As you cycled by, there began all my dreams

Is Holidays to Wales the least rock’n’roll song title ever? It might be but then again it has stiff opposition from Distant Showers Sweep Across Norfolk Schools. Both are songs on July Skies’ The Weather Clock.*

I remember reading an interview with The Jesus And Mary Chain where Jim Reid was asked why a band from Scotland would use the American term Sidewalking for a song title. Reid replied: “Well, pavement isn’t a very rock’n’roll word is it?” **

American place names are part of the mythology of rock music. Their adoption is always a deliberate act of homage. For The Jesus Mary Chain this homage was always somehow subverted, the borrowed classicism offset by their spotty angst and sullen attitude. But, Indie music, and specifically British Indie music, has also developed a counter tradition which celebrates the quotidian and the unglamorous. Think Orange Juice in their boy scout shorts and antiquated vocabulary, or Morrissey’s 1950’s imagery and John Betjeman allusions.

This replaces the "Cars and Girls" of American rock with cerebral pleasures and deeply uncool modes of transport (see Aztec Camera's: "There's a message for us, we can get there by bus." from Killermont Street). These are pre rock’n’roll reference points, a period where the non-literary sensibility of rock music (noise, rhythm, the grain of the voice) had yet to assert itself, when holidays to Wales were still the stuff of dreams.

July Skies, with their odes to pre-Beeching branch lines and the paintings of Paul Nash, fit into this lineage. Their music has some of the qualities of the shambling c86 era and the cuteness of bands like The Field Mice, but they are more abstract, less song based. The lyrics, if there are any, are virtually inaudible and the songs are more like delicate mood pieces, somewhere between Vaughn Williams and Boards of Canada.

About as far from the Mary Chain's Sidewalks as you can get, The July Skies are more likely to be found on a cycling holiday in Norfolk, ruddy cheeked and with copies of Pevsner in their satchels. The pictures of early New Town housing in the CD booklet of The Weather Clock sum up their refined nostalgic impulses. The late music critic Iain Macdonlad once wrote that listening to Saint Etienne was like driving around Milton Keynes with the windscreen wipers on. I don’t think he meant it positively but it’s probably exactly the feeling they were striving for.

The music of July Skies meanwhile feels like daydreaming during double geography in a secondary modern school room on the outskirts of Harlow. In a good way you understand. An obscure and esoteric sensation to evoke for sure. It’s saved from sentimentality perhaps by the oblique loveliness of the music and the gentle eccentricity of the reference points.

* An album I was alerted to here and which received further endorsement from here.

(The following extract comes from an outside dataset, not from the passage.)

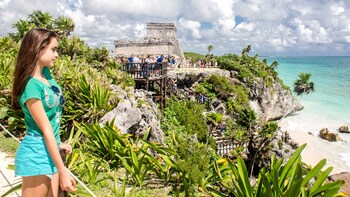 Day Trip to Tulum & Cenote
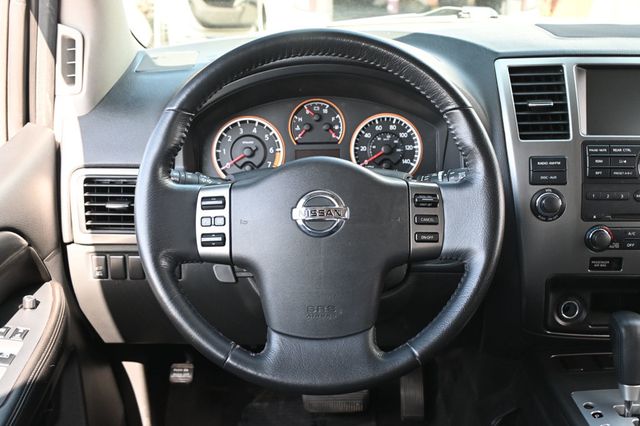 2012 Nissan Armada SV - 23063566 - 11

** I have a theory that Steven Malkmus read the same interview before he christened his own band Pavement. The choice of such a deliberately un rock’n’roll word with all its anglophile gawkyness fits perfectly with Pavement's own skewed literary sensibility.

Thursday, June 26, 2008

All that is solid melts in the sun…….

Coppelia is a state owned ice cream parlour in Havana. It operates out of a beautiful expressionist concrete building, an elegant cylindrical structure with a central spiral stair on which is inscribed a suitably uplifting revolutionary slogan from Fidel Castro. A wigwam like bunch of concrete beams sprout from the top, reminiscent of Liverpool’s Frederick Gibberd designed Catholic Cathedral. Indeed the interior of Coppelia is like a secular church to ice cream. Semi-circular timber screens with coloured stain glass panels divide up the interior. A delicate lattice ceiling surrounds a central oculus window.

The process of buying ice cream is bizarre, and byzantine in its complexity. There are six entrances, each one of which leads through a palm fringed public plaza to its own semi autonomous restaurant area. To get in though you have to queue at one of the entrances, sometimes for up to an hour or so, until a uniformed guard leads you inside and shows you to your seat. When you finally get to sit down, the ice cream is brought to you in little plastic bowls accompanied by a glass of water. It is amazingly nice.

Coppelia is an incongruous mixture of rationing and luxury. State sanctified religion is replaced in Cuba by state sanctified fun. Perhaps this is why the forms of Coppelia are so reminiscent of contemporaneous modernist churches from Europe. It employs the same abstracted and non specific religious iconography. It's position, set back from the road and at a major junction, indicates its symbolic importance, just as a church might. And visiting it for most Cubans has, apparently, some of the same sense of social ritual and importance. The deferral of pleasure of the queuing system is slightly shorter than the deferral of pleasure in Christianity though.

Tuesday, June 24, 2008

7 Up

Funny how a few days off makes you lose all momentum. So I'm perversely grateful for Mr Impostume’s invitation to tell the world (well, you know…) my favourite seven songs of the moment. A bit off piste for me so I’ll try not to get too NME circa 1988 about it and go on about crystalline guitars and stalactites of sound. I won't tag anyone because I have used up my tagging goodwill the last time. So...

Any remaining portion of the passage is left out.